Da Fritz Zwicky von den USA aus Kostengründen keine weitere Rakete erhielt, musste der Wissenschaftler dieses Projekt aufgeben, obwohl er überzeugt war, dass seine Idee funktionieren würde. Der als exzentrisch geltende Astrophysiker lebte zunehmend isoliert und wurde von vielen Fachkollegen gemieden, unterschätzt und seine Ideen wurden vielfach negiert. Ausserdem wurden Raketen und Bomben in den 1950er-Jahren schnell vergessen, denn der Krieg war vorbei und die Menschheit wollte das Leben im aufkommenden Wohlstand geniessen.
Doch der 4. Oktober 1957 veränderte alles. An diesem Tag schossen die Sowjets den Satelliten Sputnik in die Erdumlaufbahn und schockten damit die USA.
Nun waren die Themen Weltall und Raketen wieder auf der politischen Agenda und Fritz Zwicky plötzlich wieder ein gefragter Mann. Er wurde erneut militärischer Berater und plötzlich war es sehr einfach, eine Rakete für einen Versuch zu erhalten, denn in den Augen der USA musste die Vorherrschaft im All um jeden Preis gewonnen werden.
Bereits 12 Tagen nach der Sputnik schoss Fritz Zwicky das erste künstliche Objekt «Artificial Planet No. Zero», ein Stahlkügelchen, ins Weltall und konnte so das beenden, was er 1946 angefangen hatte. Und die nächsten Schritte hatte das Universalgenie bereits im Kopf: «Wir werfen zunächst etwas Kleines in den Himmel. Dann eine Schiffsladung Instrumente, am Schluss dann uns selbst.» Er sollte Recht behalten und mit seinen Theorien und Analysen einen Teil zu diesem wichtigen Schritt der Menschheit ins All beitragen.

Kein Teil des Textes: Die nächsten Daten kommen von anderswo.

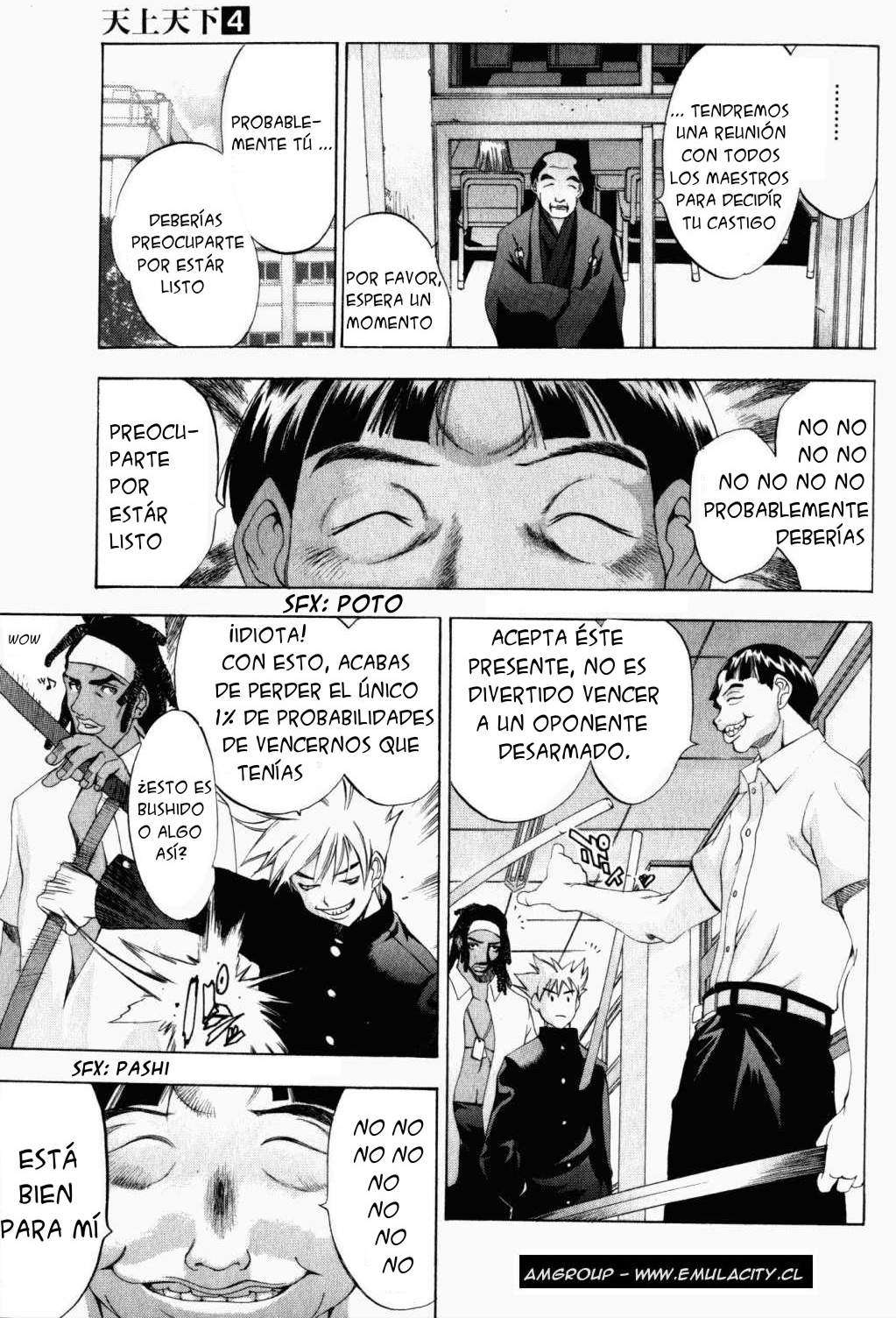 Read Tenjou Tenge (es) Manga Online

Fritz Zwicky starb 1974 in Pasadena, Kalifornien, und wurde in seiner Glarner Heimatgemeinde Mollis begraben. Die Liste mit seinen Entdeckungen und Ideen ist lang, der Platz reicht nicht aus, um sie hier vollständig wiederzugeben. Sicher ist aber, dass Fritz Zwicky einer der grössten Astrophysiker des 20. Jahrhunderts war. Und sicher ist auch, dass er bis heute zu den weltweit meist unterschätzten Wissenschaftlern gehört.